Support for panel / longitudinal data

GitHunter0 commented 3 years ago

Hi folks, first congratulation for the amazing project, it is impressive how good and easy darts works!

I'm just missing the support for panel / longitudinal data. It is a very important feature in many science fields like Economics.

Do you plan to allow panel data in darts analysis?

Thanks a lot

hrzn commented 3 years ago

Hi @GitHunter0 , thanks for your feedback!

I'm not sure I fully understand your question, but darts supports already multivariate time series. Those are multi-dimensional time series, where each time point can "contain" multiple values. For instance you can create such a TimeSeries by calling TimeSeries.from_dataframe(df), where df would contain multiple columns (one per dimension). If you need to represent multiple such TimeSeries, some models can be fit() from a Sequence of TimeSeries (each having potentially multiple dimensions). Does this address your case? If not, I would be curious to know more about what you are trying to do.
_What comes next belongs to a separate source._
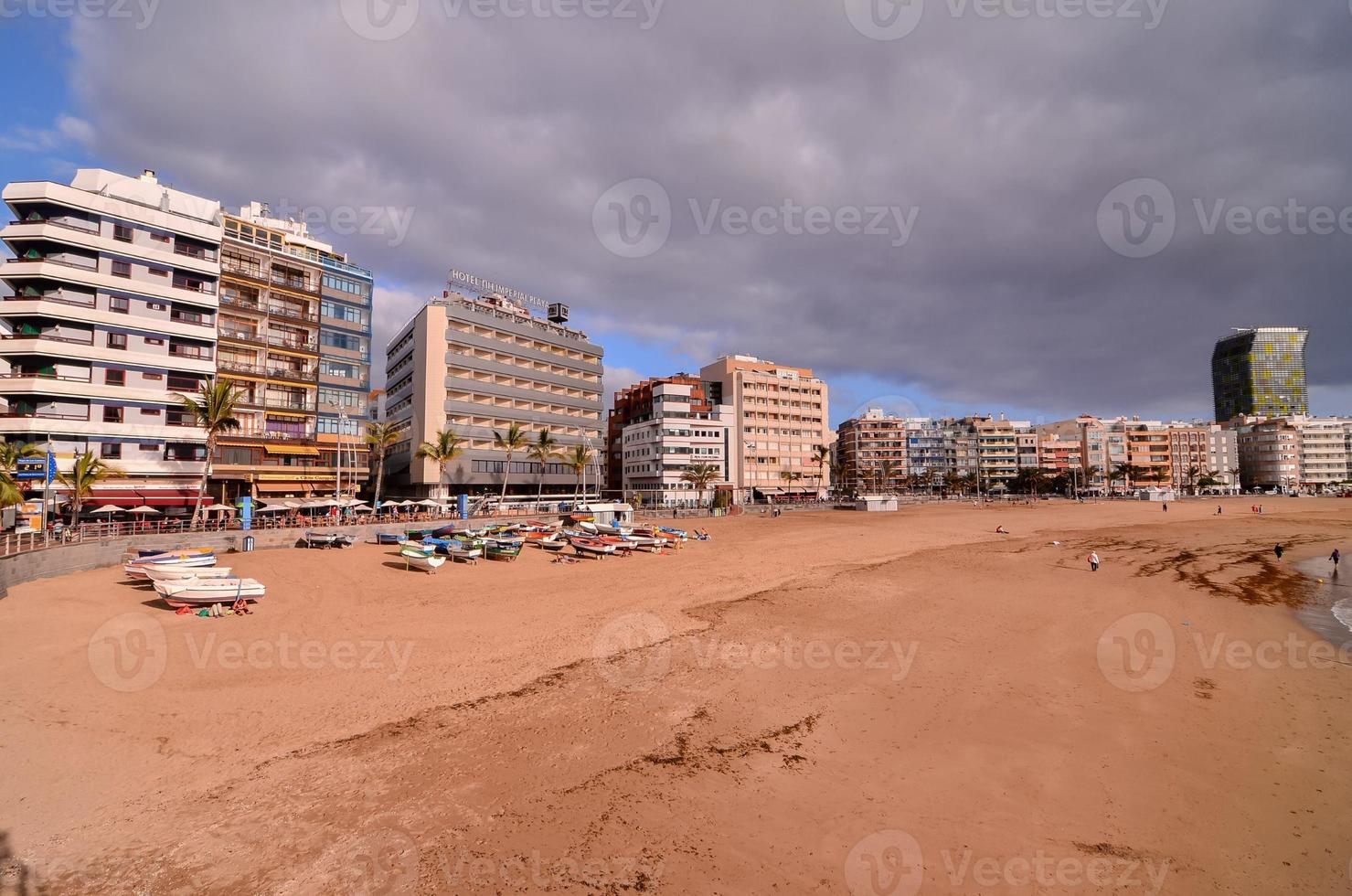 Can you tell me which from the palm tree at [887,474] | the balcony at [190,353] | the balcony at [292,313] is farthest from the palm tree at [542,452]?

GitHunter0 commented 3 years ago

@hrzn , thank you for the reply!

I'm sorry it took me so long to come back here.

Suppose I have a panel data like below but instead of just USA and IRELAND and 2 time periods, I have 200 countries and 1000 time periods for example. Is there an easy and efficient way to apply a single model to it and predict both 'gross_domestic_product' and 'inflation' by country? NOTE: We could also train a separate model for each country, however that would waste a lot of useful data from another countries.

import pandas as pd

dates_USA = pd.date_range("2000-01-01", periods=2, freq="MS")
dates_IRELAND = pd.date_range("2000-01-01", periods=2, freq="MS")

df = pd.DataFrame({'date': dates_USA.append(dates_IRELAND) ,
                   'country':['USA','USA', 'IRELAND', 'IRELAND'],
                   'gross_domestic_product': [1000, 2000, 1500, 2500],
                   'inflation': [1.7, 4.3, 5.8, 2.1] })
df

GitHunter0 commented 3 years ago

@hrzn , also I have 4 related questions that I would appreciate a lot if you could clarify them. I can open new separate issues if you find it more appropriate.

Consider the following example:

import pandas as pd
import numpy as np
import torch
import matplotlib.pyplot as plt

import darts
from darts import TimeSeries
from darts.utils.timeseries_generation import (gaussian_timeseries, linear_timeseries, sine_timeseries, constant_timeseries)
from darts.models import RNNModel, TCNModel, TransformerModel, NBEATSModel

torch.manual_seed(1); np.random.seed(1)  # for reproducibility

#
sine_series = sine_timeseries(length=50, freq='M')

df = (  sine_series.pd_dataframe() 
        .assign(time_trend = lambda x: range(len(sine_series))) 
        .rename(columns={'0': 'sine'}) )
df

df_darts = darts.timeseries.TimeSeries(df)
df_darts['sine']
df_darts['time_trend']

#
train, val = df_darts.split_after(pd.Timestamp('20030601'))

# 
my_model = RNNModel(
    model='LSTM',
    model_name='RNN_LSTM',
    input_chunk_length=12, 
    output_chunk_length=1,
    hidden_size=25,
    n_rnn_layers=1,
    dropout=0.4,
    batch_size=16,
    n_epochs=100, 
    optimizer_kwargs={'lr': 1e-3},
    log_tensorboard=True,
    random_state=42
)

train_list = [ train['sine'], train['time_trend'] ]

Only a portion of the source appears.